Joyce balbucea alambradas culturales y las rompe para que la libertad se inunde de nidos de sonidos.
Pero antes de Joyce estuvo Rabelais y antes de Rabelais la peste negra acogotando las siluetas de los pròfugos insomnes que robaban ostias sin consagrar de las iglesias infectadas de apestados.
Estamos viviendo una època paranormal donde la palabra solo es aliada de los corruptos y para destrozar esa hegemonia debemos inventar otro lenguaje. El problema es que siempre hubo corrupciòn pero nunca tanta paranormalidad, tanta hechicería capitalista, tanto fervor por el consumo de bienes culturales idiotas ni tantos idiotas hablando y escribiendo por los medios de comunicaciòn que es la peste bubònica del siglo XXI.
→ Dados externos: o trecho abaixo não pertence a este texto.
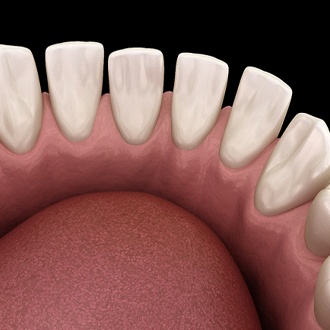 Diagram of gapped teeth before correction from Hopkinton orthodontist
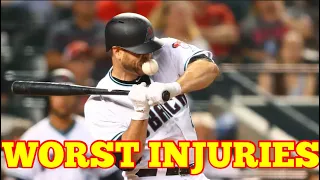 MLB | Worst Injuries Compilation in the MLB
Joyce es una canciòn de cuna para niños que han perdido el sueño de vivir.
Y despuès estamos nosotros, perdidos en nuestros sueños antropofàgicos, queriendo que la luz vuelva a brillar, aunque ya se ha extinguido para siempre.
Daniel, como sempre, contundente, ferino, ballestrino. Muito bonito: "Joyce é uma canção de berço para meninos que perderam o sonho de viver".